Thinking about the future of reading

Yesterday I had the opportunity to speak at a meeting of the Merrimack Valley Library Consortium considering the implications for libraries of e-readers and downloadable electronic books. I was pleased to be invited, because it gave me the chance to clarify my thinking about this complicated topic. I spoke about the OWHL’s experience with our two Kindles and new nook and our plans for a set of 5 Sony PRS-300’s that we have just ordered. I talked about the diverse electronic collections that we currently have, and our plans for future collection development. And then I confessed that I had far more questions than answers, and what I really wanted to do was to share the questions with the group, to see what my colleagues are thinking about these topics that keep me up at night.  Despite an excellent discussion, the questions mostly remain unanswered.
So I have decided to pose them to you.

1. Can we foresee a point in time when we (libraries) no longer collect physical books? What is the time line? What do we do with the print collections that we currently have?

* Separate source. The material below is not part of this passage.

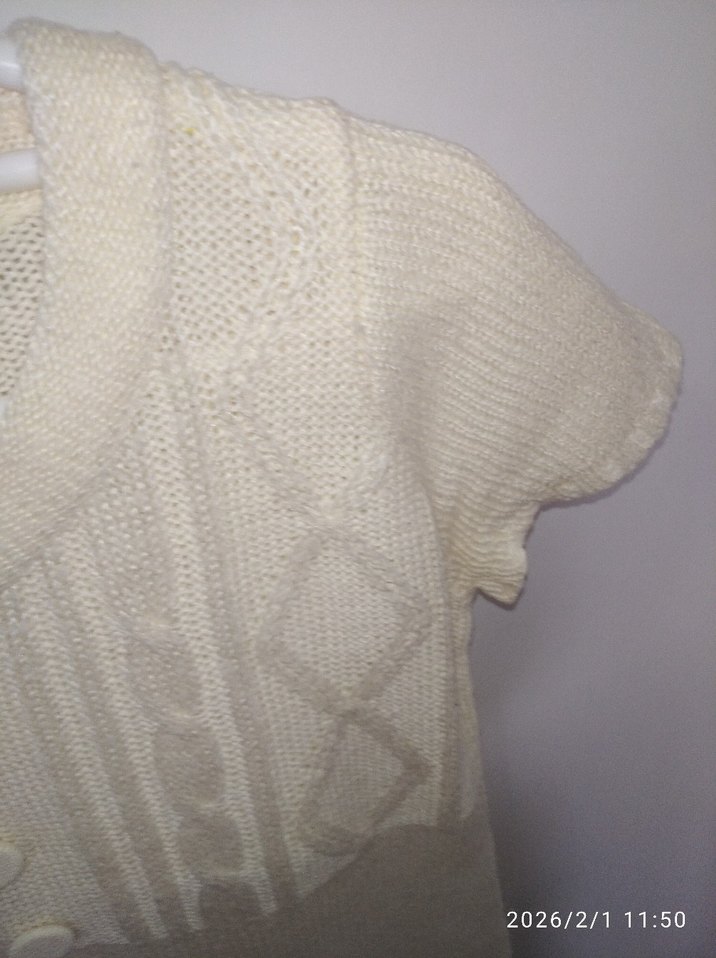 Beyaz Kısa Kollu Örgü Triko Elbise - Görsel 3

2. With the pressures on our budgets, how long can we afford to collect the same book in redundant formats? (Print, Large print, CD audiobook, Downloadable audiobook, eBook?) If we have to give some formats up, which ones will go? How do we decide which formats to collect for any given title?

3. We belong to a library consortium. Our delivery systems were set up to facilitate the sharing of physical items. What are the implications for Inter-network Transfers of the explosion of electronic content?  Freed of geographic limitations associated with physical transfer, could we share materials with a much larger group of libraries?

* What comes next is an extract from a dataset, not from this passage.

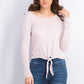 Blusa aconchegante com amarração frontal Crave Fame Juniors, rosa brilhante, tamanho pequeno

4. The FCC has indicated that it views broadband access as a right, and has published a 10-year plan to get us to ubiquitous, very high speed connectivity. Consequently, we should anticipate that residents of poorer communities who are currently electronically disenfranchised will  have the ability to download books (and movies, and audio.) In this case,  how long should we continue to collect CDs and DVDs?

5. What are the implications for shared collections (such as our in NOBLE) when individual libraries decide to purchase (or lease) electronic materials under contracts that limit the materials to that library’s patrons?    How should the records for these materials appear our shared catalog?

6. Should we provide subscription access to e-book collections for use on the user’s own device? (We currently do this for downloadable audio)  If our patrons can select and download titles from these collections without coming to the library, how can we add value to the transaction?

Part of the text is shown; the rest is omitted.